An old friend with high-tech potential

Activated carbon, used in various forms for thousands of years, could get a boost for emerging technologies, thanks to a better understanding of its unique electronic and chemical properties.

Yury Volfkovich and colleagues from the Frumkin Institute of Physical Chemistry and Electrochemistry in Moscow, part of the Russian Academy of Sciences, have been investigating possible electrode materials for supercapacitors and capacitive water purification.

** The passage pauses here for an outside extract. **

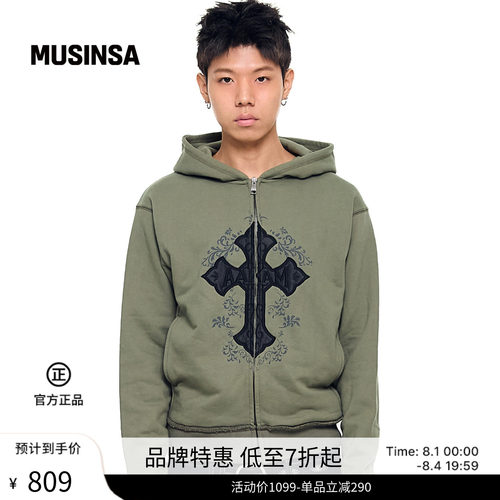 休闲日常十字装饰连帽卫衣外套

It turns out that activated carbon, beyond its many more common uses, is particularly well suited for both.

“Activated carbon has a large specific surface area and simultaneously high electronic conductivity,” explains Volfkovich. “For applications such as supercapacitors and capacitive deionization of water, both properties are needed, but high electronic conductivity is most important.”

Activated carbon is made by steaming charcoal or soaking it in a chemical then heating it to drive off all moisture. The result is a highly porous material with an exceptionally high surface area for its volume, up to 2,500 square metres per gram. This provides ample opportunity for molecules to adsorb on to carbon surfaces, giving the material its remarkable purification properties. Activated carbon also has the ability to develop and hold a large electric charge, which magnifies its performance in water purification and makes it useful as a high-capacity charge-storing capacitor.

Understanding exactly how these different electronic and chemical behaviours emerge and interact, however, has remained a challenge.

“We developed new methods to measure the surface conductivity and porosity that reveal not only the nanoporous structure of activated carbon, but also its hydrophobic-hydrophilic properties,” says Volfkovich. “This allowed us to study the electrochemical, ion-exchange, sorption, and hydrophilic-hydrophobic properties of several types of activated carbon electrodes.”

The measurements revealed that activated carbon is ‘superhydrophilic’, able to absorb a very large volume of water that is incorporated into molecular groups on the porous carbon surfaces. The researchers were also able to determine that the surface conductivity is provided by molecular surface groups in the pores.

“Even in pure water, activated carbon exhibits considerable ionic conductivity, which makes possible its use in the production of pure water by capacitive deionization,” says Volfkovich.

Armed with this knowledge, the team showed that charging activated carbon in sulfuric acid could increase the capacitance to more than 1,000 farads per gram. This has direct implications for supercapacitors, which store and release electrical charge near-instantaneously and are emerging as key technologies that could help ‘smooth’ the supply of electricity from solar panels into the grid.

“An important finding of our research is that surface groups in activated carbon affect the energy efficiency of supercapacitors,” Yury says.